Certainly all of us will fail. We are imperfect and what we view as a display of love could be taken in a different way. There may be times where we simply do not feel loving. I can think to a trip to Mexico where I had a laptop stolen from me. I can assure you in that moment I did not thank God; instead I cursed the people who stole it and displayed a distinct lack of love in that instance. That is not my only failure either. I point these out to show that we are going to fail in displaying love, but that doesn’t excuse us from trying, especially with each other.

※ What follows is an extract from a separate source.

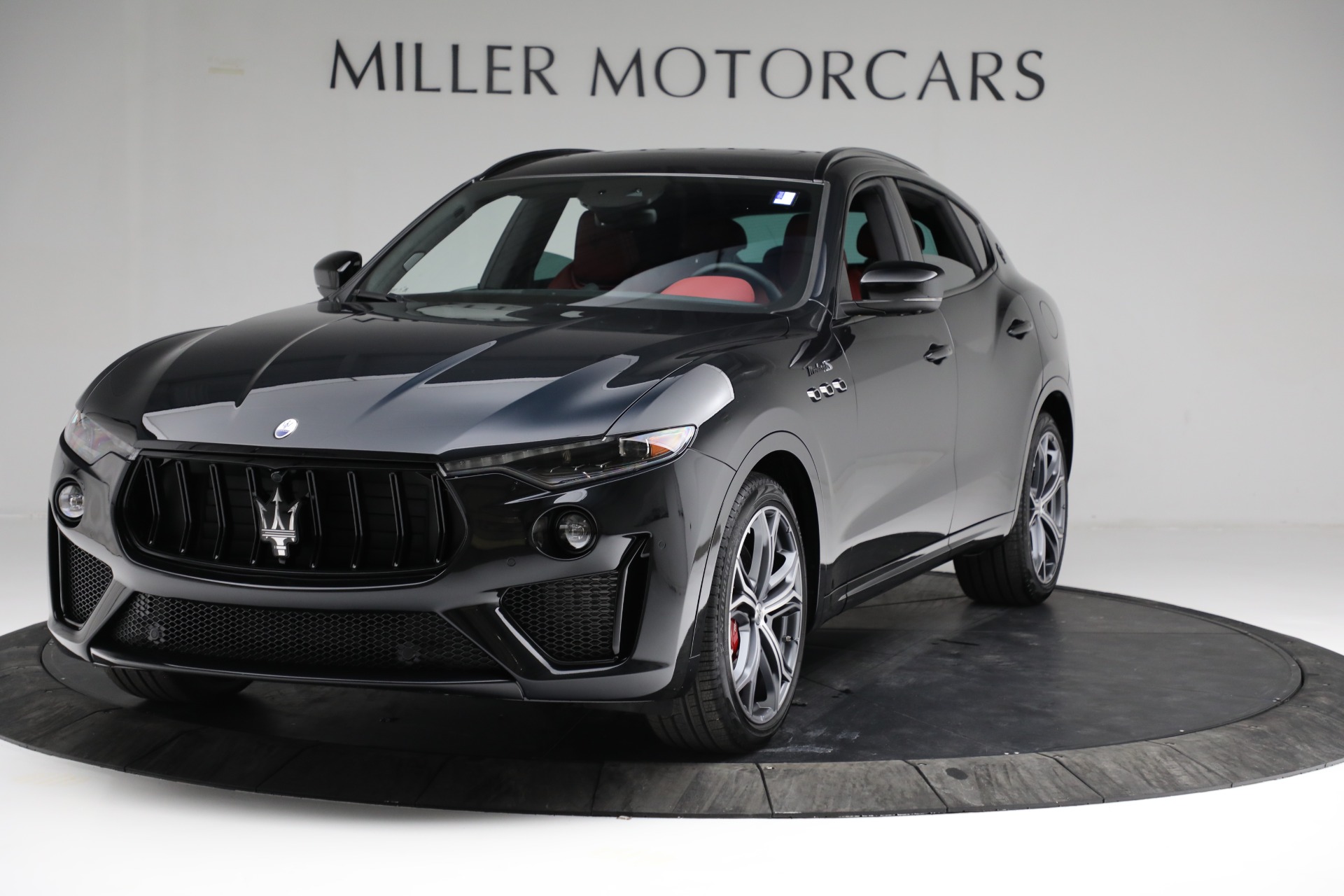 New 2022 Maserati Levante Modena S for sale Sold at Alfa Romeo of Greenwich in Greenwich CT 06830 1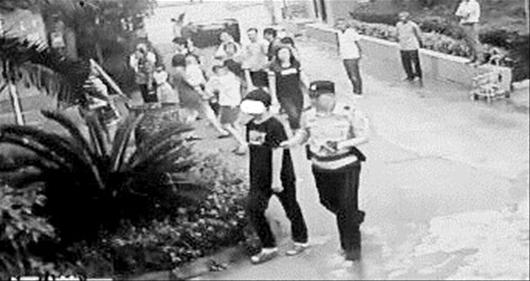 嫌疑人被警方带走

My plea also doesn’t mean that we affirm wrong decisions or capitulate in evil. We should not affirm a person’s adherence to a heretical doctrine nor should we allow abortions to continue just because we want to appear loving. Love requires us to be sacrificial, tender, but also firm in standing up for the truth (for we are called to love God first, meaning we must adhere in our fidelity to Him in our loving humanity; but in order to love our fellow humans, we must love God). At the same time, it does mean we refrain from condemning the heretic to Hell and lambasting him as a person and it forbids us from shouting “murderer” to a woman walking out of an abortion clinic.
If we are to have any hope of loving our enemies, if we are to have any hope that the public will begin to mimic Christian love for enemies in their own rhetoric, we must first love each other. And this love spreads across denominational boundaries, even when we disagree with each other. This means we must serve one another, even if on Sunday morning one of us speaks in tongues while the other bows to Divine liturgy. We must serve one another (and serve with one another) even if one of us has a Pope and the other is his own Pope. While there are limits to this – most notably that one must be a Christian and believe in the true Christ as taught to us by the Scriptures – we should add to those limits to suit our own denominational pursuits.
If we cannot love one another, how can we hope for the world to display love? If we cannot love one another, how can we hope for the world to see Christ? The best proof for God’s existence is when Christians engage in supernatural love for one another, a love that transcends anything this world is capable of producing. If we cannot work towards achieving that love, then why claim the name of Christ?